(GOAL OF THE EXERCISE) Please retype the material beneath this task exactly, starting with its first line and finishing with the line containing "Load image into".

────

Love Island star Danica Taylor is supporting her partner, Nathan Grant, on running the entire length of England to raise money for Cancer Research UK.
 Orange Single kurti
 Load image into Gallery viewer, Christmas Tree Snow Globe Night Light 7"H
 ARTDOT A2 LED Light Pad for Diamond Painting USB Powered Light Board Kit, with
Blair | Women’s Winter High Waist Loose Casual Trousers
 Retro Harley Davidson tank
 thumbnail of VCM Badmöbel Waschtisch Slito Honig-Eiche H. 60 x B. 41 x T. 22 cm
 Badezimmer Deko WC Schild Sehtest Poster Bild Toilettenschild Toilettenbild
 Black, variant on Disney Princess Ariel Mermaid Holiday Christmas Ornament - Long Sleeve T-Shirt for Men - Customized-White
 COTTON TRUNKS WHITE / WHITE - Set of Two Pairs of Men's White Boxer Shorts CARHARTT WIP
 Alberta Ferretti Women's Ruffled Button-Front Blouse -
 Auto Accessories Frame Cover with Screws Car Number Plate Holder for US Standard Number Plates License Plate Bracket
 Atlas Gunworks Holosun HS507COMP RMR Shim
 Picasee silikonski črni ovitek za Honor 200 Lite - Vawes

────

(ANSWER TO THE PROBLEM)
Love Island star Danica Taylor is supporting her partner, Nathan Grant, on running the entire length of England to raise money for Cancer Research UK.
 Orange Single kurti
 Load image into Gallery viewer, Christmas Tree Snow Globe Night Light 7"H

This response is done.